WHAT IS BEING ASKED ▸
Output, exactly as written, the lines below from the one that has "d0090161_14344055.jpg" through the one that has "property_image_6a1f5b59c44427.68564245.webp"; nothing else, and no pictures.

MATERIAL SHOWN ▸
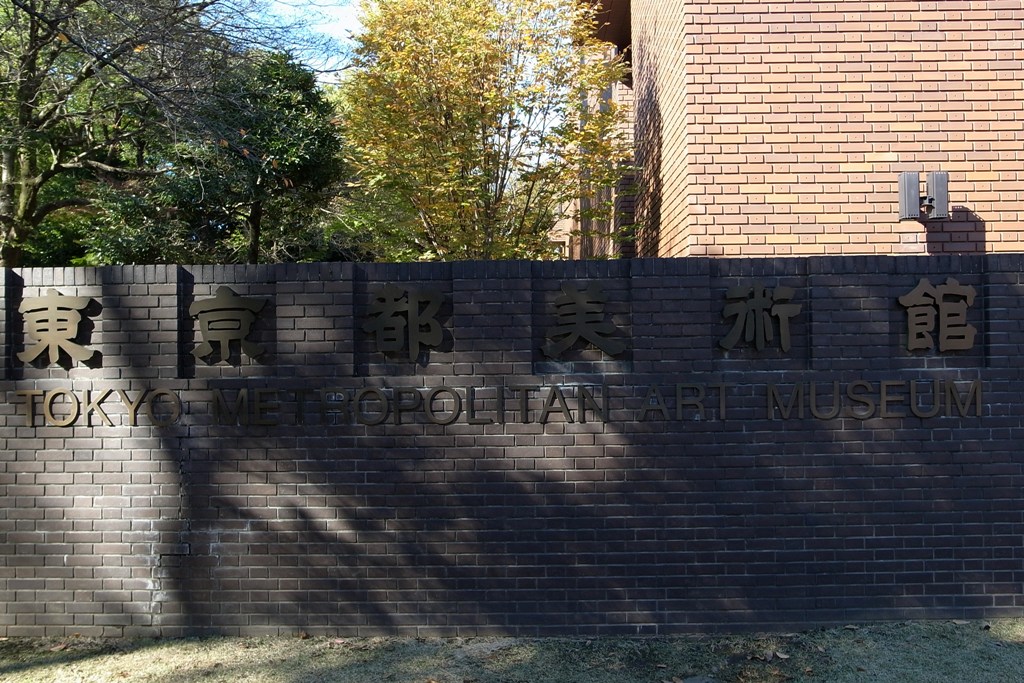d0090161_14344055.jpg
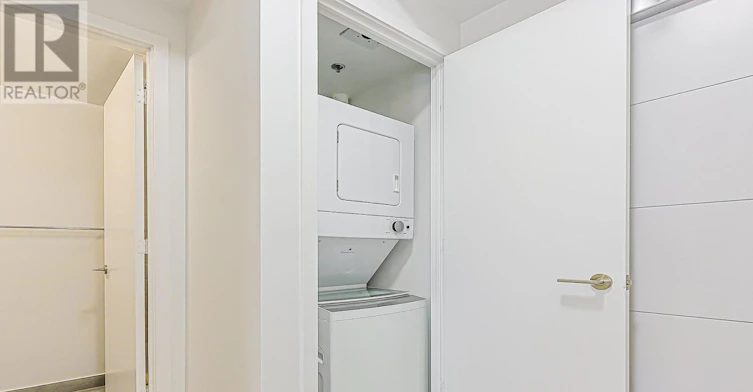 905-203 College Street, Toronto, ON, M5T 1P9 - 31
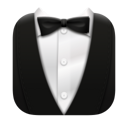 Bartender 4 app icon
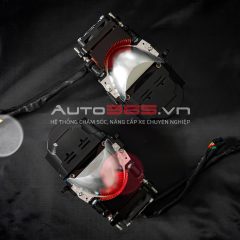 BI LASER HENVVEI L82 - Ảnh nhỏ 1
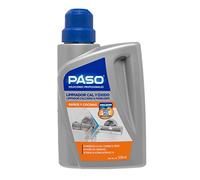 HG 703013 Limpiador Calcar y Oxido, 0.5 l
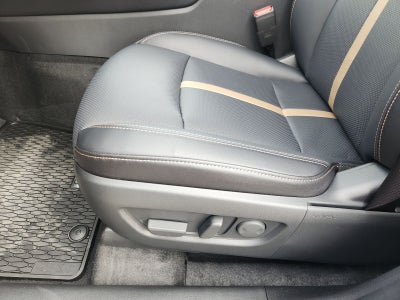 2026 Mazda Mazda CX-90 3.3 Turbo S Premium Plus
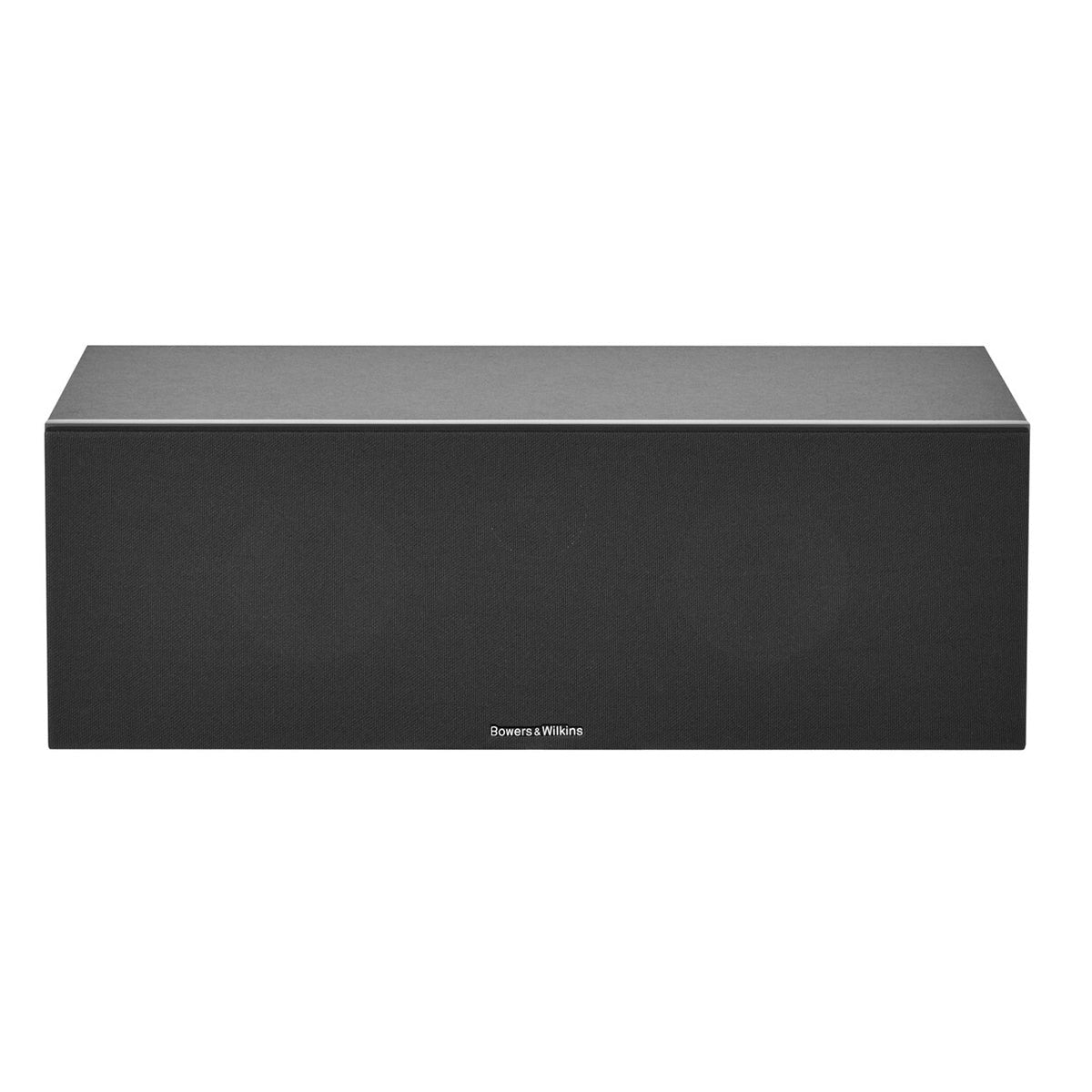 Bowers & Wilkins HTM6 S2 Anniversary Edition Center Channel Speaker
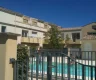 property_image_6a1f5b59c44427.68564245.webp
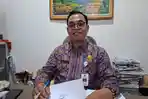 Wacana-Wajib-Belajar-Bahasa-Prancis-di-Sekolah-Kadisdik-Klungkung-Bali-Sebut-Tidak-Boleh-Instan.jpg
---
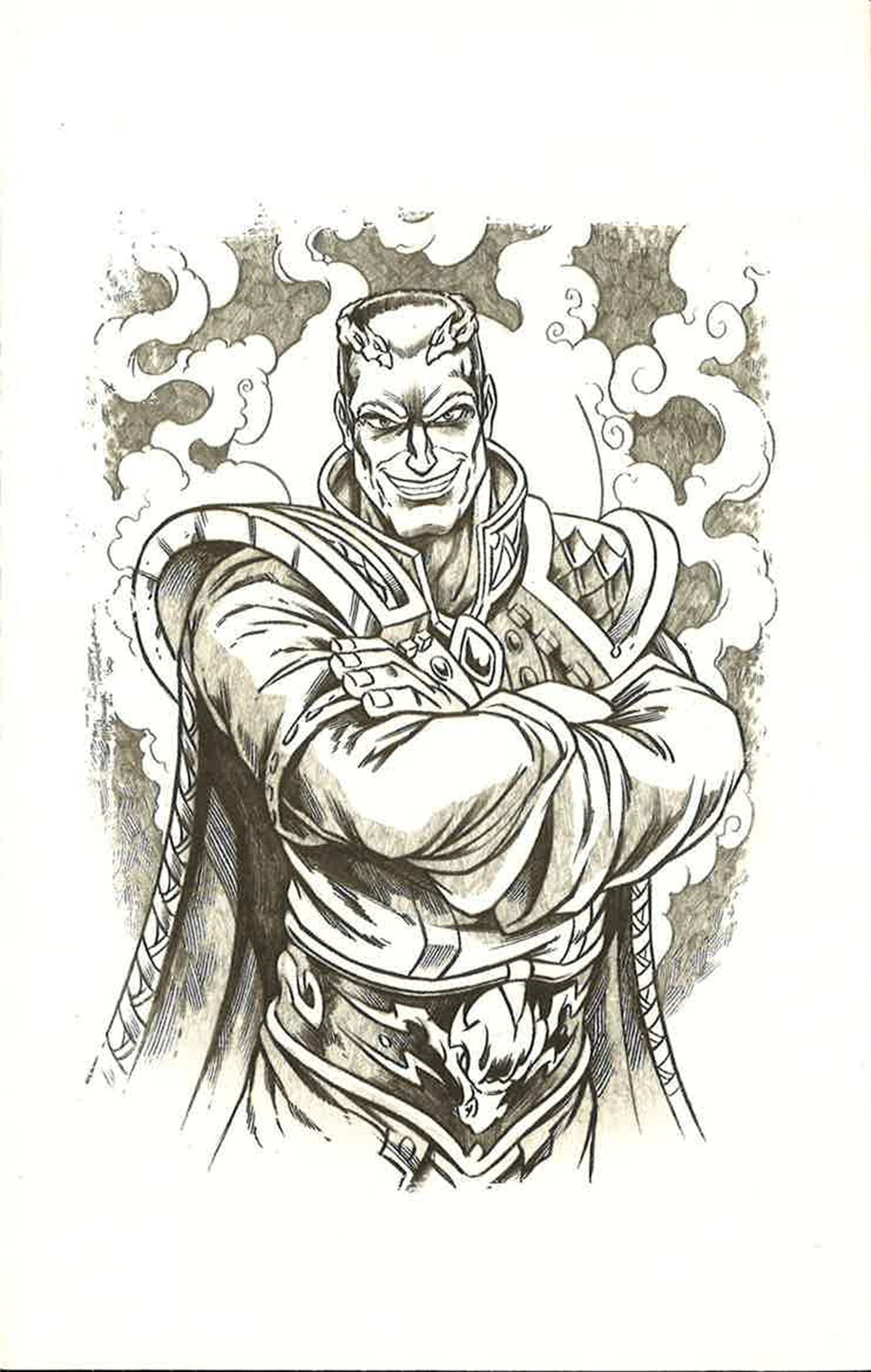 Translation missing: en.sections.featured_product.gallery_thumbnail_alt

RESULT ▸
d0090161_14344055.jpg
 905-203 College Street, Toronto, ON, M5T 1P9 - 31
 Bartender 4 app icon
 BI LASER HENVVEI L82 - Ảnh nhỏ 1
 HG 703013 Limpiador Calcar y Oxido, 0.5 l
 2026 Mazda Mazda CX-90 3.3 Turbo S Premium Plus
 Bowers & Wilkins HTM6 S2 Anniversary Edition Center Channel Speaker
 property_image_6a1f5b59c44427.68564245.webp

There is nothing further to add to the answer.